PCIe Bus error during boot

Hello,

As I mentioned in my previous posts, I’ve seen many Intel-related errors and possible bugs for kernel 4.14. Sometimes the system hanged at boot time after I did a zypper dup then reboot. One of the errors is like this:

~ $ dmesg | grep Error
    0.044709] ACPI Error: \_SB_.PCI0.XHC_.RHUB.HS11] Namespace lookup failure, AE_NOT_FOUND (20170728/dswload-210)
    0.048721] ACPI Error: 1 table load failures, 12 successful (20170728/tbxfload-246)
    1.801996] RAS: Correctable Errors collector initialized.
  328.053721] pcieport 0000:00:1d.0: PCIe Bus Error: severity=Corrected, type=Data Link Layer, id=00e8(Transmitter ID)
  351.383378] pcieport 0000:00:1d.0: PCIe Bus Error: severity=Corrected, type=Data Link Layer, id=00e8(Transmitter ID)
  382.382643] pcieport 0000:00:1d.0: PCIe Bus Error: severity=Corrected, type=Data Link Layer, id=00e8(Transmitter ID)
  387.739581] pcieport 0000:00:1d.0: PCIe Bus Error: severity=Corrected, type=Data Link Layer, id=00e8(Transmitter ID)
  387.739600] nvme 0000:04:00.0: PCIe Bus Error: severity=Corrected, type=Physical Layer, id=0400(Receiver ID)
  387.739602] nvme 0000:04:00.0:     0] Receiver Error         (First)
  387.821726] pcieport 0000:00:1d.0: PCIe Bus Error: severity=Corrected, type=Data Link Layer, id=00e8(Transmitter ID)

I’m having a difficult time understanding what this PCIe Bus Error is. It never appeared before I upgraded to 4.14.2 on Nov 30 or so. What is this and how to fix it? I guess I can ignore the ACPI error above. Correct me if I’m wrong.

And, btw, when will kernel 4.15 be arriving in Tumbleweed? I won’t do another zypper dup again until 4.15 is here.

Thank you very much.

Well, to extent of my knowledge…

  • Since the error says “severity=corrected” I assume that the issue should not affect how your system runs
  • Is an issue at the DataLink layer. Curiously, that’s the extreme lowest of the operating system stack, where the OS interface with hardware… A lot of this is frimware code, like working with your BIOS/UEFI… Not the main part of even your device drivers, typically.
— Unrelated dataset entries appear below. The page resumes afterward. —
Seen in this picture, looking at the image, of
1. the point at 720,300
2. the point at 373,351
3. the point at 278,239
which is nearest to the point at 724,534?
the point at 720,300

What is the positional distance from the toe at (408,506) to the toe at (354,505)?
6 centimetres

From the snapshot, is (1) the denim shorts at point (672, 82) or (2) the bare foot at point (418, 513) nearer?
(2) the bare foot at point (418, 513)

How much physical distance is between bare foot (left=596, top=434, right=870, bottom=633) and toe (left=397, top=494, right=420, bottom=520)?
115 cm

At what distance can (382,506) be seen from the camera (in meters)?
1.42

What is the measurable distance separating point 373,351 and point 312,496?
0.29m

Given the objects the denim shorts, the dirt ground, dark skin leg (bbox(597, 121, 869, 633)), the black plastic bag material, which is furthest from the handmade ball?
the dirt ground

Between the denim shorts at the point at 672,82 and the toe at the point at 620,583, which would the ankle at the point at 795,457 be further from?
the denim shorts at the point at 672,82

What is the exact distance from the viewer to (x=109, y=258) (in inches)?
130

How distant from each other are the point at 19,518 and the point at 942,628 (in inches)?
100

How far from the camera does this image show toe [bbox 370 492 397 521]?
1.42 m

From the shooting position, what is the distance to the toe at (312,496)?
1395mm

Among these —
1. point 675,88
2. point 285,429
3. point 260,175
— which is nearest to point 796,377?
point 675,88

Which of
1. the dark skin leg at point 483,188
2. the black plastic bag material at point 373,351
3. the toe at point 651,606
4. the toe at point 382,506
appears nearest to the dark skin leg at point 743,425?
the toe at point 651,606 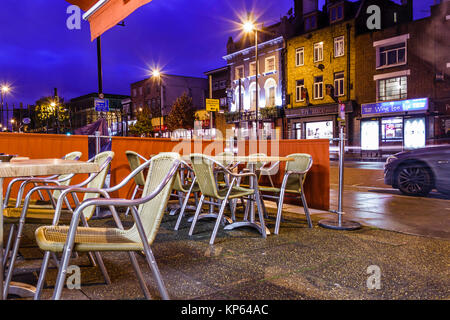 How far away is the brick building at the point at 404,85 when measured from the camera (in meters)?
22.9

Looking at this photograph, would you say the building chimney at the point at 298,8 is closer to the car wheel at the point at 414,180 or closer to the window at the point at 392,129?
the window at the point at 392,129

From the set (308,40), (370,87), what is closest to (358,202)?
(370,87)

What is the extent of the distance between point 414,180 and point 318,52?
23596 millimetres

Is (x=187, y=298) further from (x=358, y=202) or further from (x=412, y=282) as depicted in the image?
(x=358, y=202)

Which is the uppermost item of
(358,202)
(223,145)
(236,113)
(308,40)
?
(308,40)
But nowadays the OS kernel sometimes reaches down into manipulating hardware in ways that wasn’t done years ago. In fact, there is also a reference in the error to the Physical Layer which is the hardware itself.

Bottom line is that I doubt any of this is anything the ordinary User can do anything about, and in fact it seems that someone might have anticipated problems so wrote self-correcting code to make sure the issue wouldn’t affect how your system operates. You can be a “good citizen” and report the error to the Linux kernel folks, but I’d also guess that they already know quite a bit about this issue.

TSU